Action item: Starting at the line below holding "簡単　アボカドチーズ作り方1写真" and stopping at the line holding "XBOX 360 Rayman Origins", print every line exactly, both ends included, and leave the rest out.

Provided records:
====================
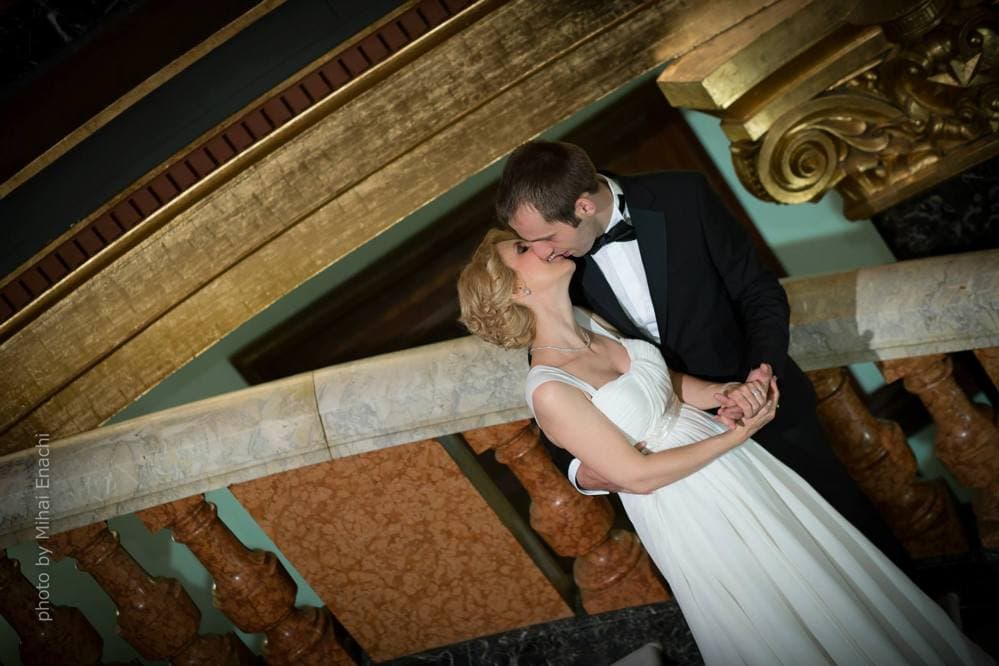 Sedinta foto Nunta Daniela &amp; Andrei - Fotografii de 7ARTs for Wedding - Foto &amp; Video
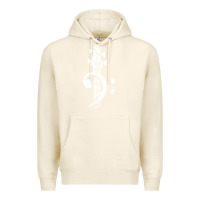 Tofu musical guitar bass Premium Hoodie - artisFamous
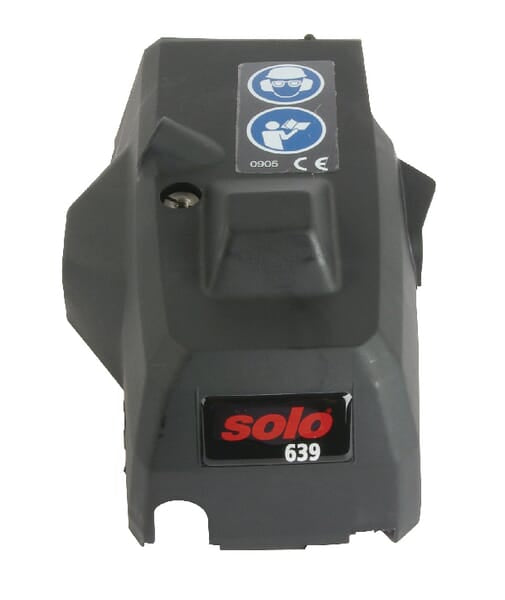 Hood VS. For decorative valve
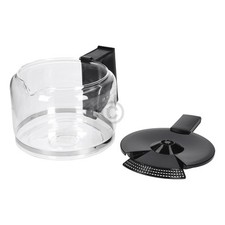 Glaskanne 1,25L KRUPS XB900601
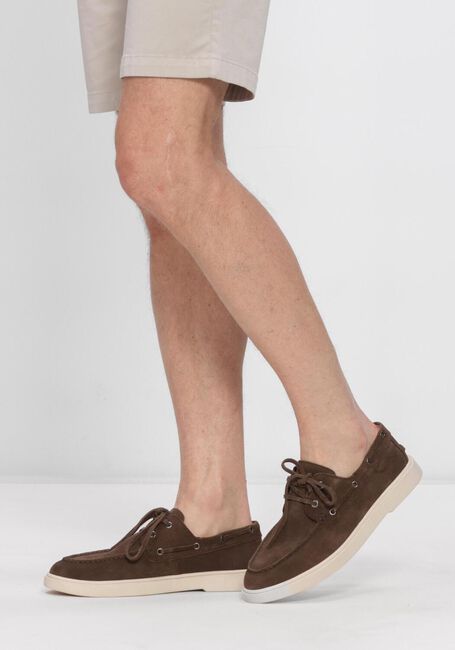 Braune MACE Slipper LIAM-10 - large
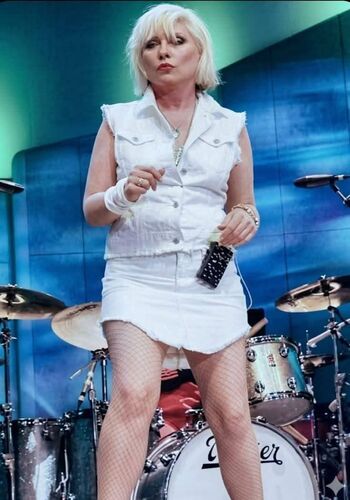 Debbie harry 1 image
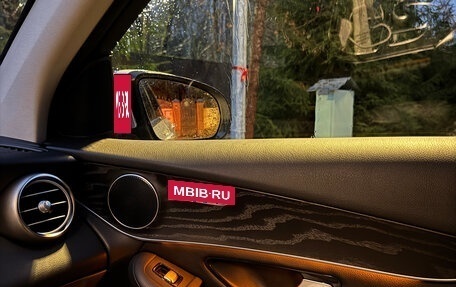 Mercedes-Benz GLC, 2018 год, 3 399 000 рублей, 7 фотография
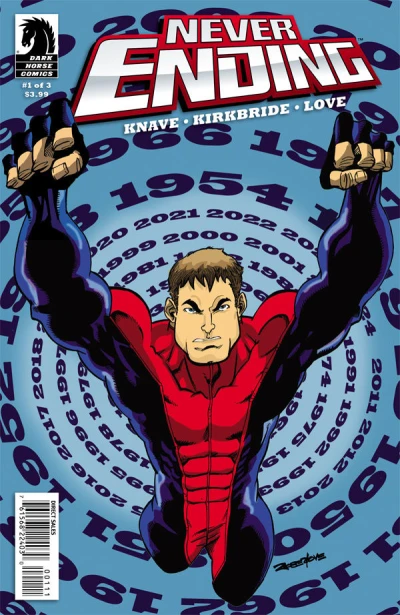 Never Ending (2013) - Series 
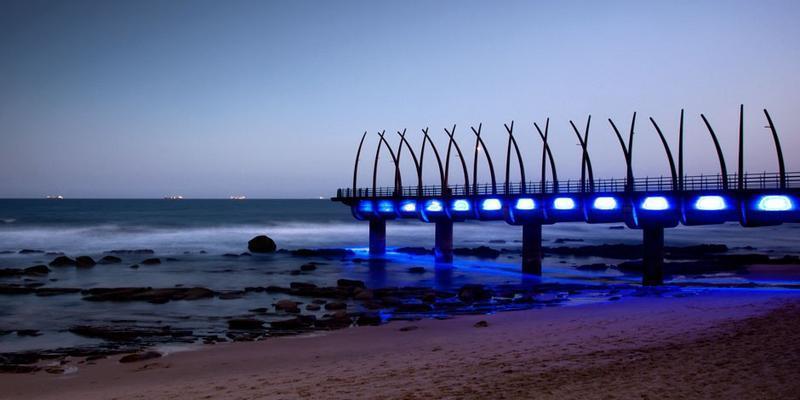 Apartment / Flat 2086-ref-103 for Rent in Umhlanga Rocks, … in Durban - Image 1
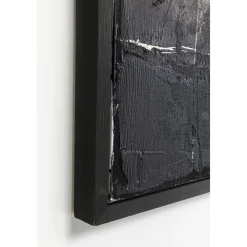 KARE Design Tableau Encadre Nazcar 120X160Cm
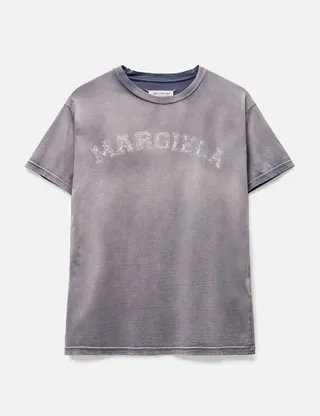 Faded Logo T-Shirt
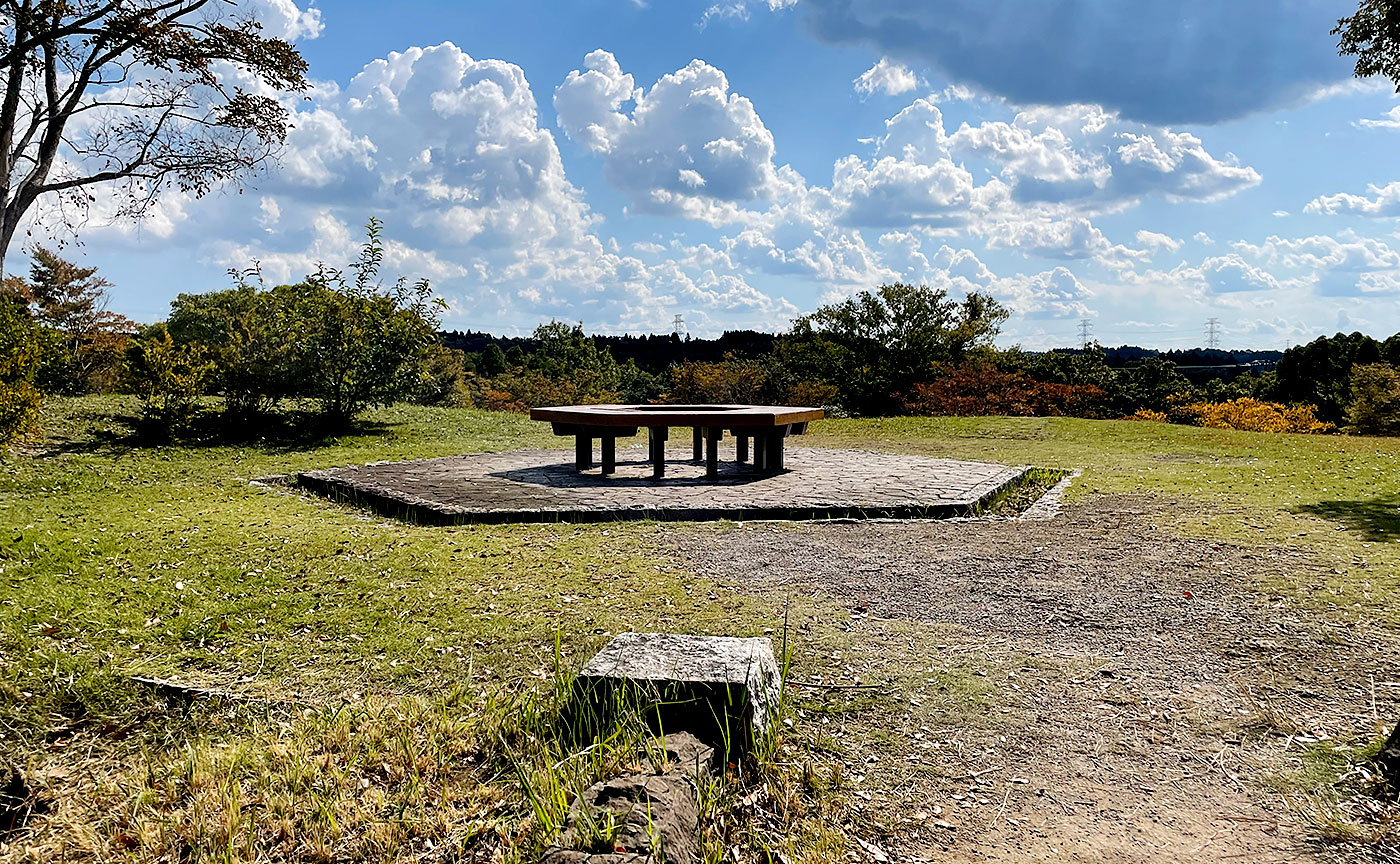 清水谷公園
====================
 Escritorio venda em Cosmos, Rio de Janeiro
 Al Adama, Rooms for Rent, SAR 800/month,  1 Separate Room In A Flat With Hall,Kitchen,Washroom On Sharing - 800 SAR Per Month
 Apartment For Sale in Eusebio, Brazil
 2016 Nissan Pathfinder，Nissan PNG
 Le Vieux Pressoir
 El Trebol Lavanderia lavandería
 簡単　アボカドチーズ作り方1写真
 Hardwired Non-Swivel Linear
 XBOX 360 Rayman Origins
====================
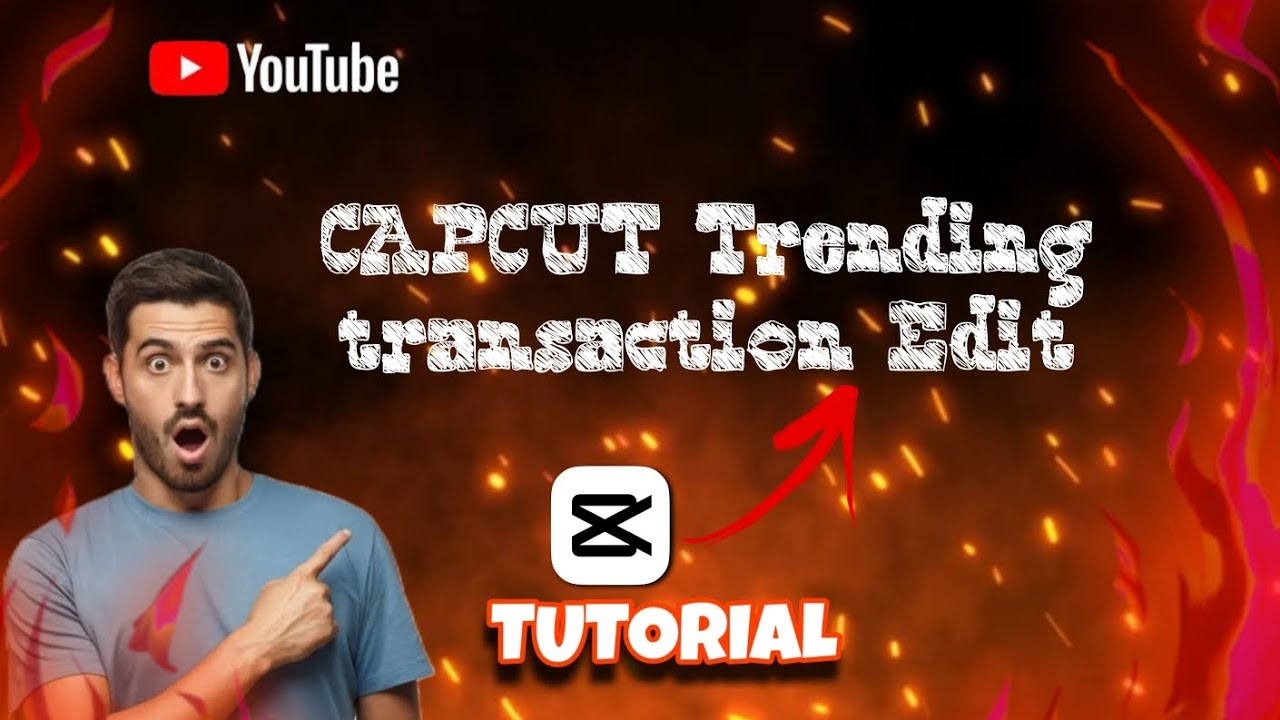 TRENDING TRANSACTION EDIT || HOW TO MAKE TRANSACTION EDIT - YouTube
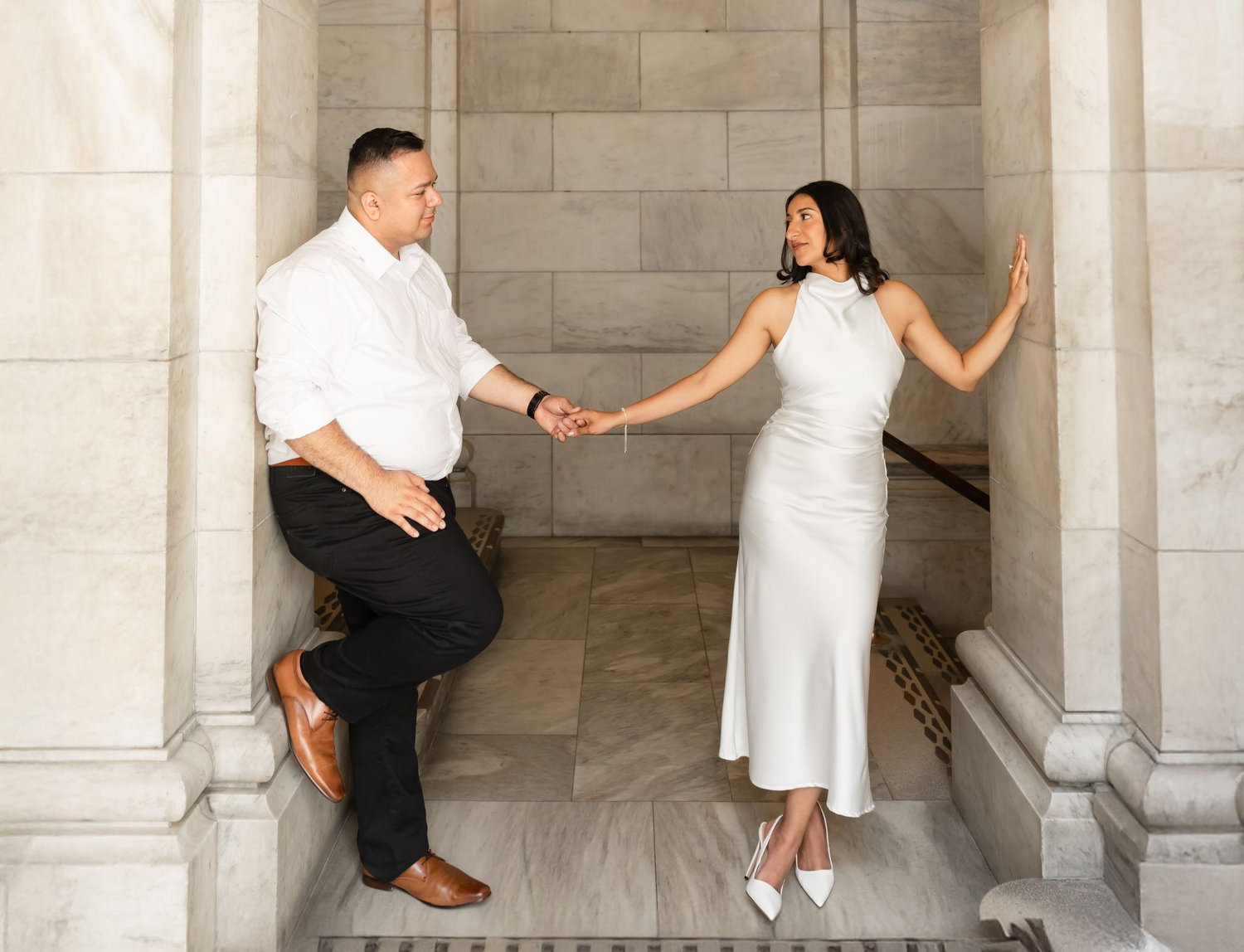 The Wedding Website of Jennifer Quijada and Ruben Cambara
====================
Response to the task:
 簡単　アボカドチーズ作り方1写真
 Hardwired Non-Swivel Linear
 XBOX 360 Rayman Origins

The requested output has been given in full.